Other Firearms Projects
1. GOF comments to State Regarding ITAR Regs (August 3, 2015)
GOF filed comments with the State Department in response to State’s Proposed
Rulemaking (“PR”) regarding revisions to International Traffic in Arms (“ITAR”)
Regulations, which control the export of “defense articles and services.” In the past,
there has been little need for ordinary Americans to be concerned with the AECA or
ITAR, aside from restrictions on physically taking certain items to other countries.
However, the State Department also purports to control “technical data,” which
includes information transmitted over the internet (and which often is unknowingly
routed through foreign countries). The PR expands the definition of “technical data”

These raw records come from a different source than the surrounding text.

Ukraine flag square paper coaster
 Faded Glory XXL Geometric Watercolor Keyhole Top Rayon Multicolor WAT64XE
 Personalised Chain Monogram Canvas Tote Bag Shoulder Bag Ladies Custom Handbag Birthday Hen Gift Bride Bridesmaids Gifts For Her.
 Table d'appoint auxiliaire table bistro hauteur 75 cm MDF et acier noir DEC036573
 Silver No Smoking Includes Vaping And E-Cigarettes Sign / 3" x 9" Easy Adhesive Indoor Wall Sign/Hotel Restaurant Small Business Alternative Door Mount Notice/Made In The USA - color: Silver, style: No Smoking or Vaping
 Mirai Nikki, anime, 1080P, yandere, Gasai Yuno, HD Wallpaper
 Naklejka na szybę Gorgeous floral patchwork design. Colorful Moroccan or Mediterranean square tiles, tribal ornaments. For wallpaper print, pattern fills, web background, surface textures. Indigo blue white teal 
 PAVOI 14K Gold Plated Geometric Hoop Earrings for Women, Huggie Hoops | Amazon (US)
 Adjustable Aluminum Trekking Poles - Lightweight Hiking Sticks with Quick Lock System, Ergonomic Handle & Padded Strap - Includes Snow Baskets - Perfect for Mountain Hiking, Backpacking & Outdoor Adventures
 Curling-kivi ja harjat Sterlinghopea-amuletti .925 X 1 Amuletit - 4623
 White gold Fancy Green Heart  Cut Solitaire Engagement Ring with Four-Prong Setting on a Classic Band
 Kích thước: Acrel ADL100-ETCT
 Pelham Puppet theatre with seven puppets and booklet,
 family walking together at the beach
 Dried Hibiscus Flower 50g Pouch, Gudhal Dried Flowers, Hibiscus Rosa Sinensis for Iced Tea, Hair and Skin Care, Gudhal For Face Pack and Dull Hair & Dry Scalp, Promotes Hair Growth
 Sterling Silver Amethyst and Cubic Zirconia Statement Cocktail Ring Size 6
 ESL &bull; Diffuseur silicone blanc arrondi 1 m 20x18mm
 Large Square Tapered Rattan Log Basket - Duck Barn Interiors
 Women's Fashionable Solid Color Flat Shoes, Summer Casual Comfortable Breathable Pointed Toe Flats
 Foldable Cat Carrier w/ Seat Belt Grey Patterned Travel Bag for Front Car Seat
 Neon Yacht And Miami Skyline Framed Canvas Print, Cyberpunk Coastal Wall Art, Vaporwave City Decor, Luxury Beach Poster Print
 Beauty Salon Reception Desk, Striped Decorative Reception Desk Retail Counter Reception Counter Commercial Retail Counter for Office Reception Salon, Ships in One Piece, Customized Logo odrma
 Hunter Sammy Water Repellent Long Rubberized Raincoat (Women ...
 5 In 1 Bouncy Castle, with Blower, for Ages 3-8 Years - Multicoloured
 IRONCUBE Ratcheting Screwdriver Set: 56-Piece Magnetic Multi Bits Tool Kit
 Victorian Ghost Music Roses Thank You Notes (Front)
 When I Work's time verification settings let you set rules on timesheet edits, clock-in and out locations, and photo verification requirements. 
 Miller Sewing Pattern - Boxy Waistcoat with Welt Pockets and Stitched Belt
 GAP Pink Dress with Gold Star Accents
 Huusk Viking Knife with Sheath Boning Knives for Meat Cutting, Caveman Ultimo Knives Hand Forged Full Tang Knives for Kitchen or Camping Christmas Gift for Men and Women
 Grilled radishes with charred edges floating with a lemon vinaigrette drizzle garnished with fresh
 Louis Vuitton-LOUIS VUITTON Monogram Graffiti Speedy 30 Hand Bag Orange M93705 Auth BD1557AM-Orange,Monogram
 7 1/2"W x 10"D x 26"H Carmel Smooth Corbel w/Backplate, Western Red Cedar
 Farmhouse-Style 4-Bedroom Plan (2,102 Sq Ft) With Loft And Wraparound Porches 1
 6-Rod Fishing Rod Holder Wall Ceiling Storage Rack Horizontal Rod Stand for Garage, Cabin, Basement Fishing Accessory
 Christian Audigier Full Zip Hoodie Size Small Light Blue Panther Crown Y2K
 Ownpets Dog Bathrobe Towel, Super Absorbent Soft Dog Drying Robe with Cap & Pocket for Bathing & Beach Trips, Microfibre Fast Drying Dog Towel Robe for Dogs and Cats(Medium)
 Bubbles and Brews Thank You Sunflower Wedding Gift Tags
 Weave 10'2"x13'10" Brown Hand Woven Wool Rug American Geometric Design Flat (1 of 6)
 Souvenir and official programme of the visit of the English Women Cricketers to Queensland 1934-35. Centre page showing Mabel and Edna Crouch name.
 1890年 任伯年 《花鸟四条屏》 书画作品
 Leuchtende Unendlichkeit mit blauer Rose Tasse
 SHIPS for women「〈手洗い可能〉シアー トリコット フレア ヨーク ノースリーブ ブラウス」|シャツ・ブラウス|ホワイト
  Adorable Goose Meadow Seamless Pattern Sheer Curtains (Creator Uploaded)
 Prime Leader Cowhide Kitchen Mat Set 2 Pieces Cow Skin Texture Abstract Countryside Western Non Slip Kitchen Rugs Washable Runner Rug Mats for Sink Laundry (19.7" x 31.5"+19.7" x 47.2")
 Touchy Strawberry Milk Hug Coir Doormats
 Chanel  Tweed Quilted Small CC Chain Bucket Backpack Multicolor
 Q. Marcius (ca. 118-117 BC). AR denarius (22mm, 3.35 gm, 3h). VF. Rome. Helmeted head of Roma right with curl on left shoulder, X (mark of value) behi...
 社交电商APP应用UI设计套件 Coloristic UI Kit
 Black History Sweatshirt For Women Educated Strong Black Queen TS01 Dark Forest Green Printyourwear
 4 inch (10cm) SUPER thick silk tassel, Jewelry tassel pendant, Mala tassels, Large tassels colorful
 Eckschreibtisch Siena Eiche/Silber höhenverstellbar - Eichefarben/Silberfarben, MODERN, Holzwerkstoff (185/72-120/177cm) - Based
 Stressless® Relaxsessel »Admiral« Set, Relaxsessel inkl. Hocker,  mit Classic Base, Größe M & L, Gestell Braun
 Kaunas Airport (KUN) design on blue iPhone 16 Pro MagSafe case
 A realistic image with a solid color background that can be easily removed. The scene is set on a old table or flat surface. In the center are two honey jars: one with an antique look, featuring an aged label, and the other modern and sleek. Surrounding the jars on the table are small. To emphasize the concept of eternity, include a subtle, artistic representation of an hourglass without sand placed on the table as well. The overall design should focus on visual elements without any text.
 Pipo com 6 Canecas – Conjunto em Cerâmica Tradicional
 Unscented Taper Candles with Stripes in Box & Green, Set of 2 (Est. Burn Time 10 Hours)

and would possibly include everything from blueprints of nuclear weapons to a cleaning
guide for certain firearms. GOF’s comments noted that no ordinary person could ever
hope to understand or comply with the highly technical ITAR, yet ITAR now may apply
to ordinary persons doing ordinary things. GOF’s comments argued that ITAR cannot
be expanded in such a way as to prohibit Americans from engaging in First Amendment
speech about Second Amendment protected activities.